These are additional examples for reviewing the topic we have covered. When reading each example, try to find your own solution before clicking “Answer”. There are also questions for reviewing the concepts of this section.

Redo Example 10.4.2 using Broyden's method instead of Newton's method.

Solution

We have the same vector function to be equated to zero

\begin{equation*} \mathbf F(\mathbf x) = \begin{pmatrix} x_1+x_2+x_3 +2 \\ x_1x_2 + x_1x_3 + x_2x_3 + 7 \\ x_1x_2x_3 + 1 \end{pmatrix} \end{equation*}

but no longer use its Jacobian matrix. The code is modified by computing the steps as h = -B*F(x) and updating the matrix B according to Broyden's method.

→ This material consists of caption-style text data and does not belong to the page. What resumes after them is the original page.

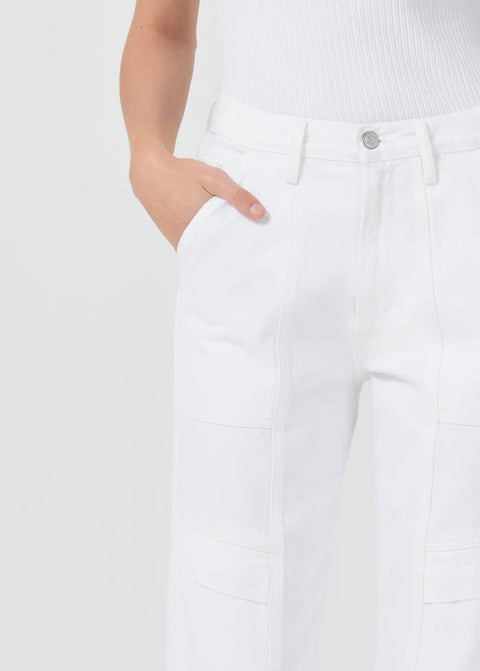 A close-up image of the Cooper Cargo Jean, showing the button closure and pocket.  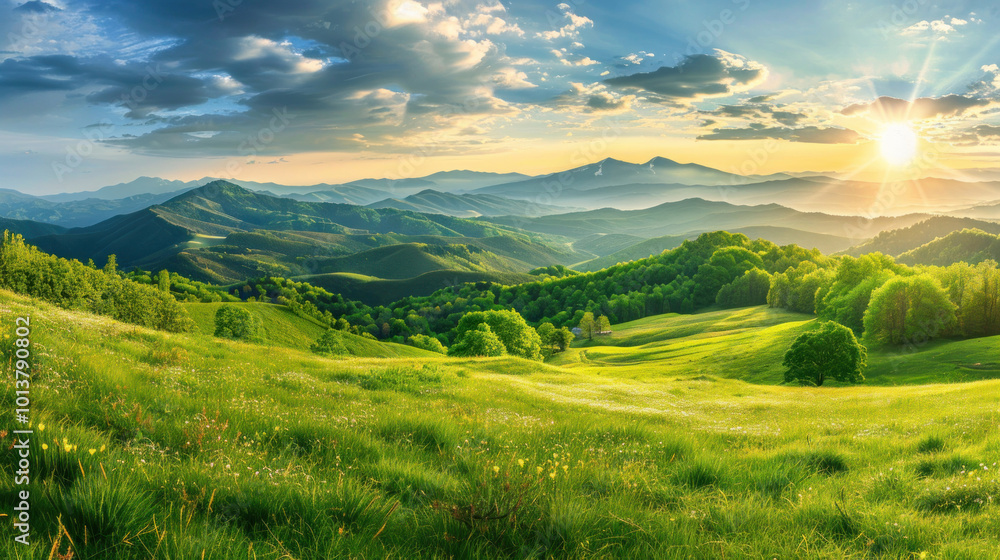 Fototapeta premium A breathtaking view of a rolling green valley with distant mountains under a sky filled with soft clouds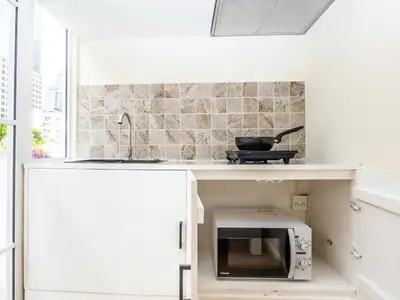 a kitchen with a counter with a microwave in it at 2 Bedroom for 3 guests in heart Sathorn with Balcony in Bangkok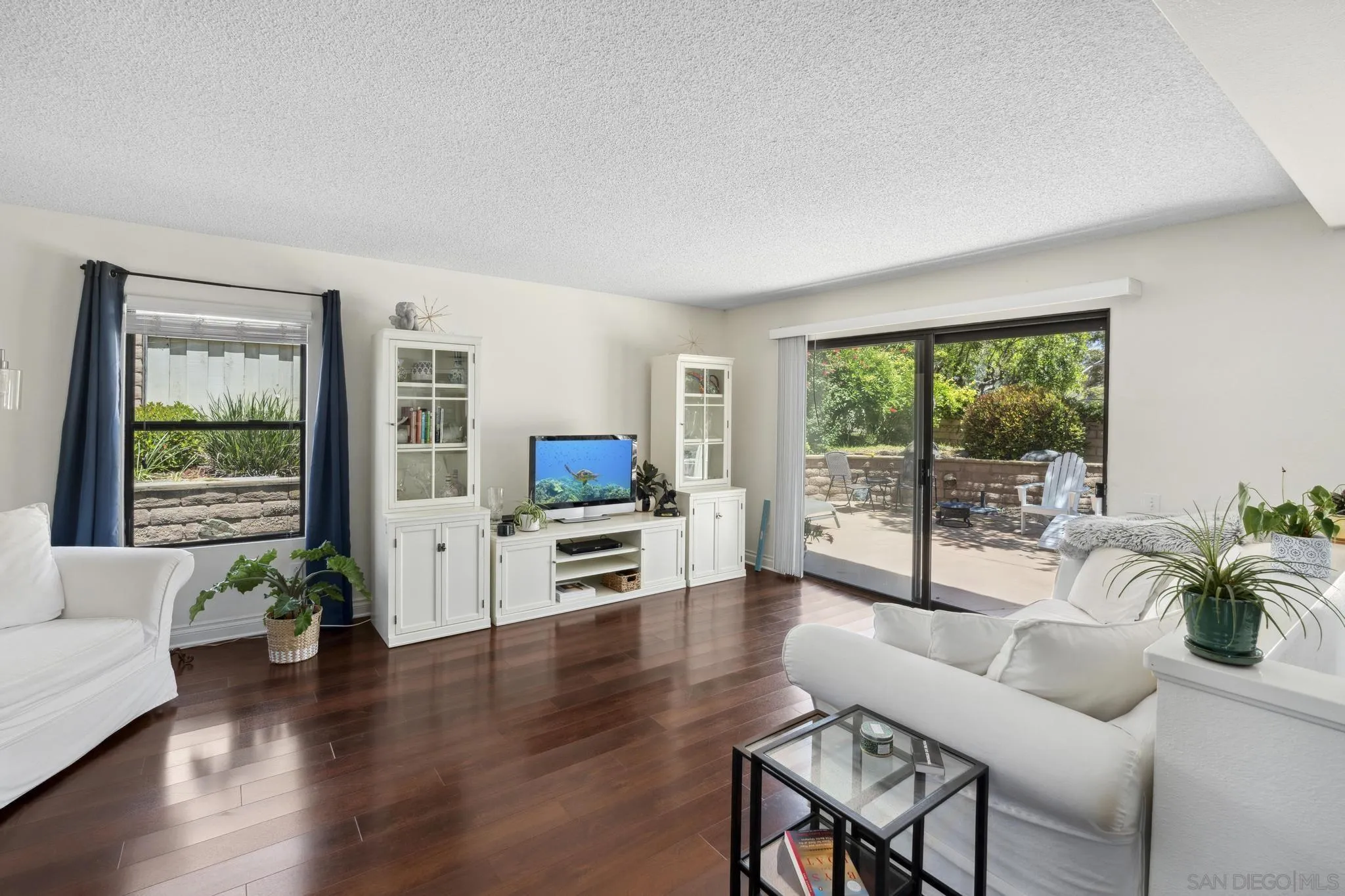 3144 Lower Ridge Road San Diego, CA 92130 - Photo 8 of 55 a living room with furniture flat screen tv and a large window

F = @(x) [x(1) + x(2) + x(3) + 2; 
          x(1)*x(2) + x(1)*x(3) + x(2)*x(3) + 7;
          x(1)*x(2)*x(3) + 1];

x = [1; 2; 3];
B = eye(3);
max_tries = 10000;

for k = 1:max_tries
    h = -B*F(x);
    w = F(x+h) - F(x);
    B = B + (h - B*w)*h'*B / (h'*B*w);
    x = x + h;
    if norm(h) < 100*eps(norm(x))
        break
    end
end

if k < max_tries
    fprintf('Found a solution after %d steps:\n', k);
    disp(x)
    fprintf('The norm of F(x) is %g\n', norm(F(x)))
else
    disp('Failed to converge')
end

Starting from the same point [1; 2; 3] as we used for Newton's method, we get:

Found a solution after 1359 steps:
    1.7240
   -3.8737
    0.1497

By contrast, Newton's method converged in 9 steps. There is a price to pay for the lack of Jacobian matrix.

The initial point [1; 2; 3] seems unfortunately chosen in Example 11.4.1, because if we start with [1; 1; 1] instead, the method converges much faster: in 37 steps. Recall that for Newton's method this initial point did not work at all: the Jacobian was not invertible. Why is it possible to use it for Broyden't method?

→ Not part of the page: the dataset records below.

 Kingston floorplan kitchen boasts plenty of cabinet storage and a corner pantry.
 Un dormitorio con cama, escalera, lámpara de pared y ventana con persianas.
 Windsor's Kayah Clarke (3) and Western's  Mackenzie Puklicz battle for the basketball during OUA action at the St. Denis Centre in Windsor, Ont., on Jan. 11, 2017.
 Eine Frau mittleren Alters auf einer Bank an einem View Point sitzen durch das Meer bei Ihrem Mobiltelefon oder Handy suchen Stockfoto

The initial point [1; -2; 3] leads to even faster convergence.

If we keep the initial point [1; 2; 3] in Example 11.4.1 but change the initial guess for inverse Jacobian to the matrix

B = 0.1*eye(3);

the algorithm converges much faster: in 53 steps. Why could this be? In what way does the “smaller” matrix help?